Devin Townsend - Epicloud review

Year : 2012
Genre : experimental, space opera
Label : HevyDevy
Origin : Canada
Rating : 7.0 / 10

Buy it now

Epicloud is Devin Townsend's Jesus Christ Superstar from the verges of outer - and INNER - spaces that reject the views of Scientology, - please Google don't supply Scientology ads to this site or I will kill myself - regardless of how the cover art of this LP would be approved by the Knowing It All For Sure smile wielded by Tom Cruise. The music on the disc pretty much is the music I was expecting-, even better : HOPE - cheapest commodity - to get, as there is no doubt whatsoever that the flow is more focused and elegant this time around, then it was during Devin's most/least memorable psychotic episode to date, called Deconstruction. Read on to know more about this space opera spin.

The disc takes the fortunate liberty to resonate the music Devin Townsend happened to hear the most while he wasn't paying attention at all, and the character of this kind of stimuli is not necessarily conceived for the most favorite preferences of the avid/aggressive Devin fan. With a healthy amount of tracks, Townsend ventures into tasteful territories that seek out and find connections between a quasi-ambient spiritual disposition, which though is carried by an eloquent, steamy spacegoth 4/4 pummeling. The result emerges remotely reminiscent of a Rammstein with spaceopera rhetorics spicing it. The track called "Save Our Now" is a nice example of this particular direction, one which is quite prominent and well realized on the album.
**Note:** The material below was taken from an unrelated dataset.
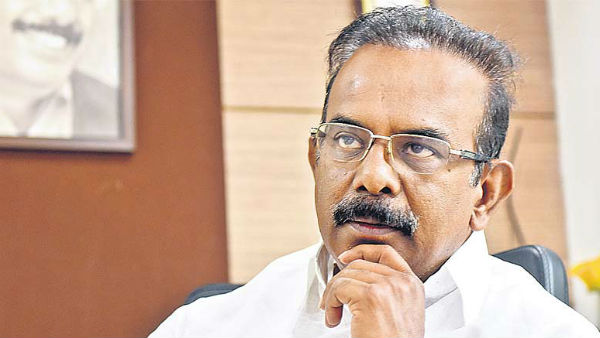  తర్వాత వాళ్లే ఫోటోలకు ఫోజులిస్తారుగా..!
After a puzzling gospel intro, the second track strikes up a build which reeks the spandex ethos of late '80s hard rock through the chorus work, and it is the galore of deliberately deviant experimental tendencies, unleashed in the nick of time, that manage to save some of the day - though the routine compositional wizardry Townsend relies on here, is coming from a bag of tricks that has little amount of true and delicious novelty to entertain the proper music snob in radical fashion.

Unfortunately, the third track, "Lucky Animal" summons the worst and most frightening of Dave Mustaine's cabaret cartoon thrash metal, and sports a particularly inept verse and chorus structure. Dramatic Phantom of the Opera, orchestrated to OH!, so hilarious clay figures. Reeeeeally? Not today, thank you. A rudimentary, magnificently uninspired swing vibe permeates the build, but its sophistication level is so cheap, bland, coarse indeed that it would be a shame getting caught tapping with your feet to it, so :  don't. Don't let yourself paid out so cheaply, you embarrass me as my reader! All in all, this song is the spiritual equivalent of the Duck Tales soundtrack, only the Duck Tales soundtrack is much more heavy.

Luckily, "Liberation" is a muscular, sexy alternative metal song that strikes a Foo Fighters stance, shaped and taken from the same musical field Dave Grohl took his most serious songs to date from. The piece exhibits some hilarious, tame-yet-elegant sci-fi power metal overtones, that which is traded around skillfully for a blend of testosterone fixated hard rock and Foo Fighteresque - TUKK! - silence massacre. I must say I could find something to whine about in this song, too, and that is none other than the audio footage provided by the studio microphone that purposefully left turned on after the recording process, so you can hear the contributors loving themselves in self-congratulatory fashion upon song completion. As in : "daaayumm, we are rocking sooooo hard on this Devin Townsend LP, we are dayumm awesome!" No need for this, Devin.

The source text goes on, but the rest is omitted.